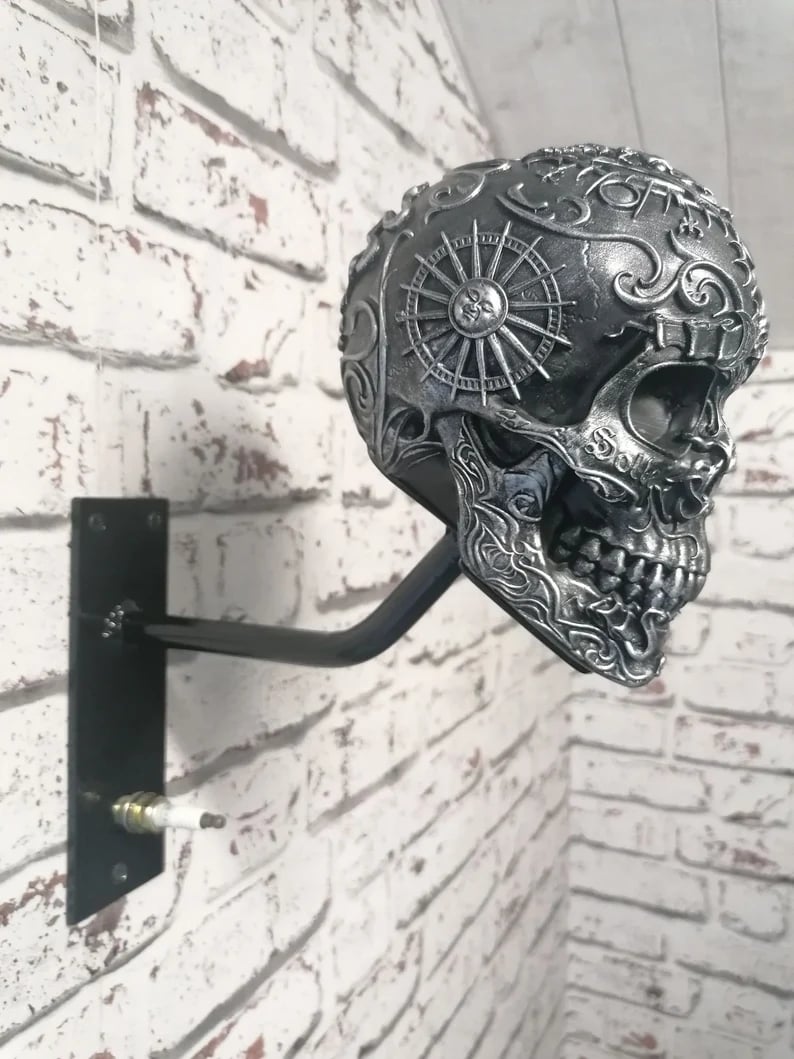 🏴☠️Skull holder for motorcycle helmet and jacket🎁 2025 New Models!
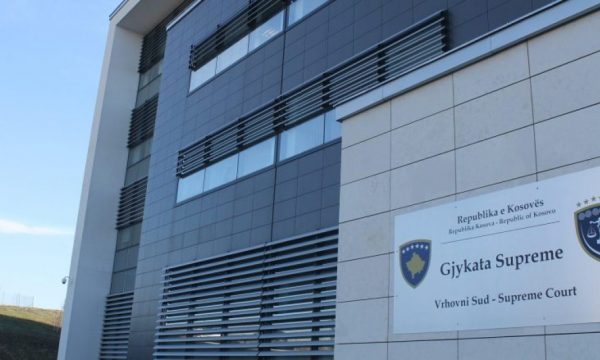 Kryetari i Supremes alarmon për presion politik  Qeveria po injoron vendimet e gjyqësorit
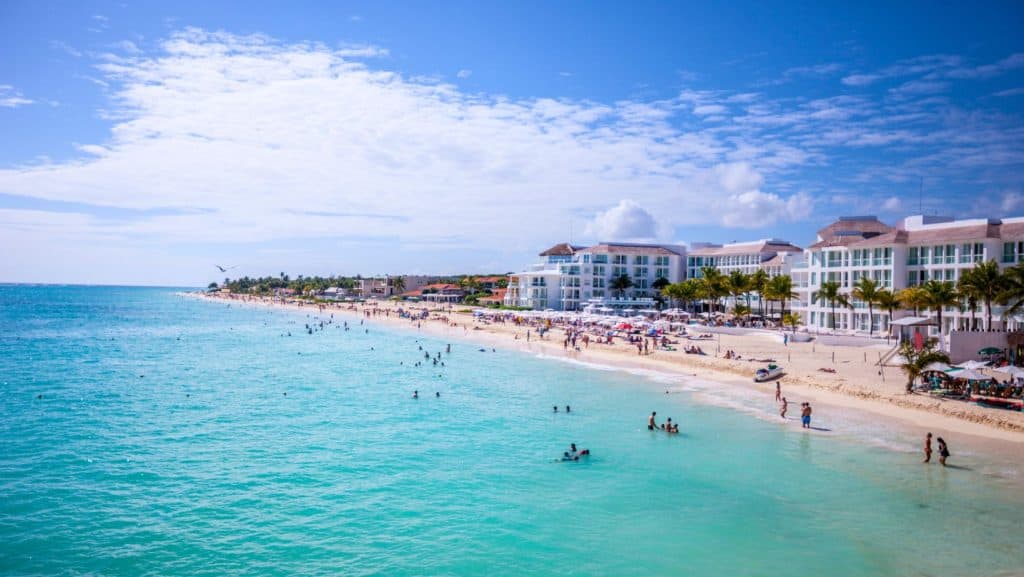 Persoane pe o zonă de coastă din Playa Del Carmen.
------------
■ What the task asks ■
Please transcribe the listing exactly as it stands, but omit its pictures.

■ Solution to the problem ■
 🏴☠️Skull holder for motorcycle helmet and jacket🎁 2025 New Models!
 Kryetari i Supremes alarmon për presion politik  Qeveria po injoron vendimet e gjyqësorit
 Persoane pe o zonă de coastă din Playa Del Carmen.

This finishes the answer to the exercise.